Po "Down The Road", którego Agnieszka jest jedną z bohaterek, córka stała się popularniejsza i bardziej aktywna na Instagramie. Ludzie ją obserwowali i czytali. Wśród komentarzy zdecydowanie więcej było pozytywnych, ale zdarzały się też takie, których nie jestem w stanie zrozumieć. Np. „matka powinna cię wyskrobać”. To było najtrudniejsze.

Pani Grażyna zaznaczyła, że w przypadku obecnych strajków, ważne jest empatyczne podejście protestujących:

Chciałabym, żeby środowiska protestujących nie brutalizowały nadmiernie swojego przekazu. Zwłaszcza, że argumentacja dla osób z niepełnosprawnością intelektualną nie zawsze może być zrozumiała.

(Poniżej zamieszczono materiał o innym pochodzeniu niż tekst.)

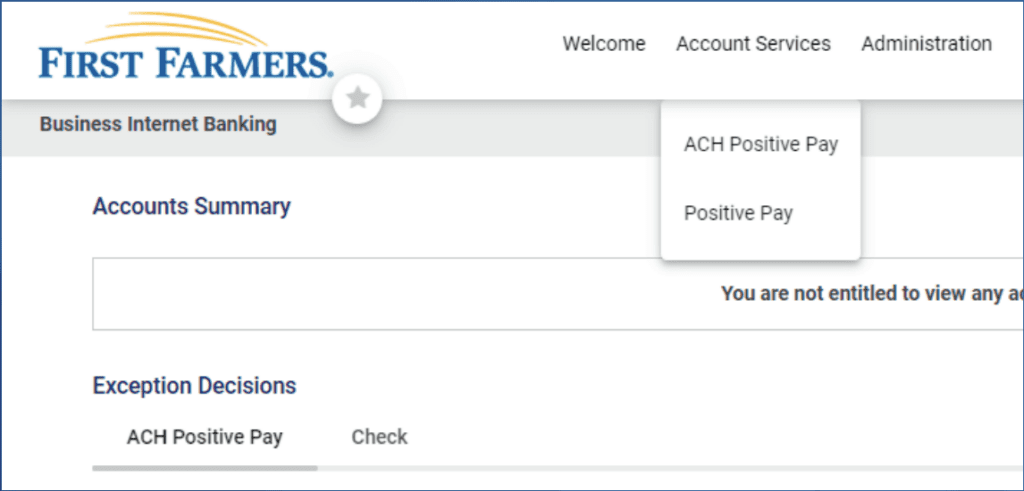 Screenshot of ACH Positive Pay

Zdaniem pani Grażyny, należy wdrożyć działania, które będą prowadzić do aktywizacji i usamodzielniania dorosłych osób z niepełnosprawnościami. Działania te powinny być podjęte we wszystkich obszarach życia, zawodowym i społecznym. Kobieta zaznaczyła, że dużym problemem są także sprawy formalne i orzecznictwo, w którym dochodzi do absurdalnych sytuacji, takich jak udawadnianie komisjom, że w ciągu ostatnich lat zespół Downa nie minął.

 

Zobacz też: Izabella Łukomska-Pyżalska pozuje nago z ciążowym brzuchem. Pisze o aborcji: Lepiej edukować niż zakazywać

Wsparcie, które rząd oferuje osobom niepełnosprawnym i ich opiekunom, wymaga przebudowania:

Rząd nie daje odpowiedniego wsparcie, więc osoby z niepełnosprawnościami go zwyczajnie od strony rządu nie czują. Choć chciałabym, żeby było inaczej. Żeby jakość ich życia była większa, i żeby czuły większy spokój. Żeby mogły wyjść na ulicę i z tym spokojem powiedzieć: „No ludzie, może i nasze życie nie jest takie różowe, ale z całą pewnością nie jest też takie złe, bo mamy pomoc państwa”.

Agnieszkę Kociołek obserwuje na Instagramie już prawie 18 tysięcy internautów. 25-latka pracuje w w Krakowie nad Zalewem Nowohuckim w foodtrucku z frytkami belgijskimi.